InseadDataAnalytics / INSEADAnalytics

Other
122 stars 1.31k forks source link

XGboost issue #150

Open dandriopoulos opened 6 years ago

dandriopoulos commented 6 years ago

We attempted to implement the XGBoost algorithm to model imdb ratings. Following is the code that I used:

imdb_data_xg<-read.csv(file.choose()) imdb_data_xg_label<-read.csv(file.choose())

imdb_data_xg=imdb_data_xg[1:6]

imdbXG=as.matrix(imdb_data_xg) imdbLABEL=as.matrix(imdb_data_xg_label)
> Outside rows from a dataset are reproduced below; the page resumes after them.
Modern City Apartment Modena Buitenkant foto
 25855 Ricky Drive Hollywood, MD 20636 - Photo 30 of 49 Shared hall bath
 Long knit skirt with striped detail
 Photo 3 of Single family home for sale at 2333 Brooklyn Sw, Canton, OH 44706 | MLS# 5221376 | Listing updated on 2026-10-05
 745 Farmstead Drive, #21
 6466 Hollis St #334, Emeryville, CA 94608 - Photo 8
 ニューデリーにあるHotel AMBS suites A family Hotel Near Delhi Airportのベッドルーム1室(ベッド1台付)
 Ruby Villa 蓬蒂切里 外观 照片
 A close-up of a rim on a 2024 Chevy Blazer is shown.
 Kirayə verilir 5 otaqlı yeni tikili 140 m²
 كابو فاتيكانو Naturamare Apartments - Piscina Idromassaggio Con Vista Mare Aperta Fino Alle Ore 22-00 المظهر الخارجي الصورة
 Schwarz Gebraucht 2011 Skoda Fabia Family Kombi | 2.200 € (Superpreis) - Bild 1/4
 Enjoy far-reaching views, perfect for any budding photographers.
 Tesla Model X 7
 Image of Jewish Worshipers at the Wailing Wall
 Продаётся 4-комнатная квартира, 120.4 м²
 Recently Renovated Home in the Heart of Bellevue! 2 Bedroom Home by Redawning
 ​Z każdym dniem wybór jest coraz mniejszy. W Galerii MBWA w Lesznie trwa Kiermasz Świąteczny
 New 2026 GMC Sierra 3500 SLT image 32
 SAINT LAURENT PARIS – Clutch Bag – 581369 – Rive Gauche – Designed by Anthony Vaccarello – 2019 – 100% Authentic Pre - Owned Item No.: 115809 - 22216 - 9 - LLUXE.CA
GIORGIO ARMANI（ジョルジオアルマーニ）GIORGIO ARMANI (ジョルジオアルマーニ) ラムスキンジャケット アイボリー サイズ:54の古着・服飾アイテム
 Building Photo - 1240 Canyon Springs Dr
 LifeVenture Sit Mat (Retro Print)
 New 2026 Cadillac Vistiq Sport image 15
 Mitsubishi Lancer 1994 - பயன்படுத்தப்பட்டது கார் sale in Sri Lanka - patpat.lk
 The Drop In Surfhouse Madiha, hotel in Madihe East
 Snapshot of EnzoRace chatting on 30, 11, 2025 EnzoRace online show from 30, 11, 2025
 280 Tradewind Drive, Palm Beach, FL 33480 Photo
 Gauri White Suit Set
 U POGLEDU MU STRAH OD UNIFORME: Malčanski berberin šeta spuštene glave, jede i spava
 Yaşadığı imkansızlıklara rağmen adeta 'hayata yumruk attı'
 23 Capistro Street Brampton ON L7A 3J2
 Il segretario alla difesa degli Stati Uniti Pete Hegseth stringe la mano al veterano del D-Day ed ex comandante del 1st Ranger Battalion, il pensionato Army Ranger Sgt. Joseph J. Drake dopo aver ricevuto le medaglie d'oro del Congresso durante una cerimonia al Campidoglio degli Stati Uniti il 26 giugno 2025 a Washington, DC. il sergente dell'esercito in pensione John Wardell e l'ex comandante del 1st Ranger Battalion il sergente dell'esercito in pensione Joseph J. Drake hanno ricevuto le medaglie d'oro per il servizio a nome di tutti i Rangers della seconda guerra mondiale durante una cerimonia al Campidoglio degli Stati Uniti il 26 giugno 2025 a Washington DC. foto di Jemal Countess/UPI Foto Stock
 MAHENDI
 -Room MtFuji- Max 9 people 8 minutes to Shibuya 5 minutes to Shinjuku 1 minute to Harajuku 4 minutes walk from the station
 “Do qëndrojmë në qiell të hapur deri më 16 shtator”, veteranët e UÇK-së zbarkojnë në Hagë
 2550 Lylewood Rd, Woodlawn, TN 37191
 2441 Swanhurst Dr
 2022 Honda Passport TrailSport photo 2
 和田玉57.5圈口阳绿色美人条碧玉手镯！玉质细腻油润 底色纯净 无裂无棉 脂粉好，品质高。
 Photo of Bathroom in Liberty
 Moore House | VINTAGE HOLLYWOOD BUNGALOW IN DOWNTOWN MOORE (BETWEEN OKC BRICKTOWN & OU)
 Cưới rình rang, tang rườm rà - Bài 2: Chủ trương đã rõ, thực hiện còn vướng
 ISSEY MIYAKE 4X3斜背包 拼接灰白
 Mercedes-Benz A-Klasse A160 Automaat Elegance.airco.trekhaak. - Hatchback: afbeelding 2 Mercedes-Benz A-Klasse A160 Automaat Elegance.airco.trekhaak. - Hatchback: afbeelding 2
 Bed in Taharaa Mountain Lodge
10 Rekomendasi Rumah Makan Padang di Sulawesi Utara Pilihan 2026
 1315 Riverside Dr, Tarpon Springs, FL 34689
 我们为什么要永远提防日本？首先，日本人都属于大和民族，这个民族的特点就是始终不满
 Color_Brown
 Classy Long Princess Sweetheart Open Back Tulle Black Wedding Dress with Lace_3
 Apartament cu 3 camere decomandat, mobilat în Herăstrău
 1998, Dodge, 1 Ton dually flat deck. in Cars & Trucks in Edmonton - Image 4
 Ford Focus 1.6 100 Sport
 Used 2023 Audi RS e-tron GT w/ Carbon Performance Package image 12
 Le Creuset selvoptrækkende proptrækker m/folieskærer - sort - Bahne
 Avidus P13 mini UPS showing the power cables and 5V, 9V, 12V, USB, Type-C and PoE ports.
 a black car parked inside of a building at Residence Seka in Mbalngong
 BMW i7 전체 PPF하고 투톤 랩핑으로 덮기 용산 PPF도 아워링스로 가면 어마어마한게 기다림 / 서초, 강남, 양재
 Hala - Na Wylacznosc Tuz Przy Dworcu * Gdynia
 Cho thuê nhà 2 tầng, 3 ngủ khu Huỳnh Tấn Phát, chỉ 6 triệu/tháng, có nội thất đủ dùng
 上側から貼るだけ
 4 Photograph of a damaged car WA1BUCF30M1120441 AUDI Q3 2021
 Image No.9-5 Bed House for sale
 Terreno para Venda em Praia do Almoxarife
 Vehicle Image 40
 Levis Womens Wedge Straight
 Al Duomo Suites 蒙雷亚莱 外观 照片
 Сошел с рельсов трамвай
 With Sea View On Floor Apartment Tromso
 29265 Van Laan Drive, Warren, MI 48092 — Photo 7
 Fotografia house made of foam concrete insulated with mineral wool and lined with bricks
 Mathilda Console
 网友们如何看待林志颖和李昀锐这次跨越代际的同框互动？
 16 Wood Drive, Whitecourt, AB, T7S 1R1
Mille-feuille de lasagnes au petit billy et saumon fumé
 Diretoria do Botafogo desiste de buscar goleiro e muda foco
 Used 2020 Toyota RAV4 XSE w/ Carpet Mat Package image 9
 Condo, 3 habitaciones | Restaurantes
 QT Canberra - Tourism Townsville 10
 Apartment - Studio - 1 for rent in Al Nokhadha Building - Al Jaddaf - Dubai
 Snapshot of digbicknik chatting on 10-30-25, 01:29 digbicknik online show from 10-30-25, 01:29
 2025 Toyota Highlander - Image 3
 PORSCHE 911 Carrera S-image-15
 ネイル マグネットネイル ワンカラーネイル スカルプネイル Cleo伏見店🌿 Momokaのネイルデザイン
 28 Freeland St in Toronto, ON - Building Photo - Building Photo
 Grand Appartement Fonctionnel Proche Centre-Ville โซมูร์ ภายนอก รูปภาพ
set.seed(77850) #set a random number generation seed to ensure that the split is the same everytime

inTrain3 <- createDataPartition(y = imdb_data_xg$Revenue_MM,p = 0.9, list = FALSE) training3 <- imdbXG[ inTrain3,] testing3 <- imdbXG[ -inTrain3,] str(training3)

dtrain <- xgb.DMatrix(data = training3, label = imdbLABEL)

bst <- xgboost(data = training3, label = imdbLABEL, max.depth = 10, eta = 1, nthread = 2, nround = 10, objective = "binary:logistic")

The error that I get is: dtrain <- xgb.DMatrix(data = training3, label = imdbLABEL) Error in setinfo.xgb.DMatrix(dmat, names(p), p[[1]]) : The length of labels must equal to the number of rows in the input data

Any input?